Weedgoku: In addition to what HH beat me to:
I think if you rely on two spheres like I do, it might help to make the front circle around half the size of back one and make sure the two are at least touching from any perspective. That way when you hang the front legs on, they're much more likely to be near enough to the back ones. (Just look at how close together they are when on-model.) The two circles will look like a pear at first, but once you make the neck flow smoothly into the pony's back circle you should easily end up with a good bean shape.
A thing to get to know is that FiM ponies are compact, taller than they are wide but managing a pretty short neck. (despite real ponies being almost the opposite) Their head and legs are huge, giving them something like 70-80% of their height, while their body is just the little bean those sprout from. You could make it much smaller than it's supposed to be and it'd still look fine, but there's not a lot of room to make it bigger. (This seems to be a rule for almost everything that serves as a connecting point in cartoons. We tend to interpret it as huge heads/hands/feet and whatever else, but that doesn't often hold up when you compare a cartoon character to the environment they inhabit.)
IWF: You seem to have the same problem I did at one time, getting too caught up in the end quality instead of how well you're doing on first pass. I can't entirely tell, but it looks like your first sketches are being made by drawing out certain body parts without any guide lines to help plan and mold things. Your black lines also seem to follow them pretty rigidly which makes me think they're treated as just a first attempt with one layer of improvement. As tempting as it is, cleaning all those overlapping lines from a sketch and fixing mistakes isn't worth the time it takes. There's only so much you can enhance by making corrections as opposed to actual redrawing and refining.
What I suggest is to force yourself to sketch a lot of different poses and things very quickly, allowing your mistakes to just
be there. You won't actually be making a lot more this way, just leaving the ones you did.

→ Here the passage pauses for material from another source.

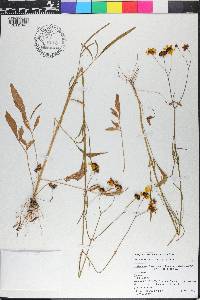 Coreopsis leavenworthii image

This is efficient practice because you don't get better by making a correction but the mistake itself. There's no need to make the individual strokes very fast or in one sweep, and you don't want to be 100% careless, but up your pace as much as you can. Undo if you want to retry strokes, but don't touch the eraser. Your only choice should be to start anew or keep going, because you want to be
drawing the whole time and not fixing or tracing. (Silly Tetris Analogy #2: You can't avoid losing, but score as many lines as you can before the playing field becomes an unworkable mess.)
Preachy conjecture stuff out of the way, I put my all into refining that last pose, and by that I mean I just rebuilt it more carefully:

I am at my wits' end with those front legs. I tried putting them everywhere before I realized they absolutely couldn't be flat (they would just look twisted or dislocated) and this was the best I managed thereafter. I looked at all kinds of guides and references but joints + depth =

This has been a very long-running issue with me and art. I can pound a specific configuration of 3D shapes into my head until it translates to 2D, but move or reshape something even slightly and it's back to feeling around in the dark for where the creases and stuff will make sense. Imaginary depth is a big bad bastard.